Bilder gewinnen als Geldanlage zunehmend an Bedeutung. Auch Hamburger Galerien profitieren von dem Trend. Wichtige Tipps zum Markt.

Hamburg. Angesichts der Finanzkrise scheint Kunst für manche Investoren das neue Gold zu sein. Aktien versprechen längst keine sicheren Gewinne mehr, und Geld bei der Bank zu parken, kostet häufig mehr als es einbringt. Bei der Kunst kann die Rendite bei einem Anlagehorizont von sieben bis zehn Jahren dagegen schnell acht Prozent erreichen.

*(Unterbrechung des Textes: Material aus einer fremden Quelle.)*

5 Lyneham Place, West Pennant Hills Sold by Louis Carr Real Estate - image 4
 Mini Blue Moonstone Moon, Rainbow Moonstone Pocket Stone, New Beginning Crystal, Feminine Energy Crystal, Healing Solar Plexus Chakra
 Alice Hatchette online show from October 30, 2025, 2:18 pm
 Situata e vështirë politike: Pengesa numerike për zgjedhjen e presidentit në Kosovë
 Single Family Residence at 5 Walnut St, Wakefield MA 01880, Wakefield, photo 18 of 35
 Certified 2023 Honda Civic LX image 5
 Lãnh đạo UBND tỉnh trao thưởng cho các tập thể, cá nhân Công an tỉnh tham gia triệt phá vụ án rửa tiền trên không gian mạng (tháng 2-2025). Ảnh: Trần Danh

Warum also nicht Geld in etwas investieren, das Spaß macht und als Eintrittskarte in den Klub der kulturellen Elite gilt? So denken immer mehr Anleger, zeigen aktuelle Zahlen: Im vergangenen Jahr erzielten gleich mehrere Auktionshäuser Rekorderlöse.

"Die Anlage in Sachwerte wird immer wichtiger, gerade in Zeiten volatiler Börsen", sagt Stefan Horsthemke, Kunstexperte bei der Berenberg Bank, die mit der Art Advice im vergangenen Jahr eine eigene Gesellschaft für Kunstsammler gegründet hat. Die Privatbank aus Hamburg führt noch in diesem Jahr auch einen Kunstfonds in den Markt ein, so gefragt ist das Thema bei den Kunden.

+++ Gut acht Prozent Rendite - Kunst wird als Geldanlage attraktiv +++

Die wichtigsten Fragen und Antworten zur der Anlage in Kunst für Investoren, Liebhaber und Einsteiger beantwortet das Abendblatt.

Wie entwickeln sich die Preise im Kunstmarkt?

Branchenexperten rechnen für das Jahr 2012 mit weiter steigenden Preisen. Mengenmäßig werde zwar nicht mehr Kunst verkauft, Insider sind aber überzeugt, dass die gefragtesten Werke immer teurer werden. Eine wirkliche Wertsteigerung sei aber erst ab einem Preis von rund 30 000 Euro zu realisieren, sagt Anne Moerchen von der gleichnamigen Galerie in Pöseldorf. Schließlich müsse der Künstler schon sein Talent bewiesen und auf dem Markt einen Namen haben.

Wie sieht es bei Kunstwerken im Millionenwert aus?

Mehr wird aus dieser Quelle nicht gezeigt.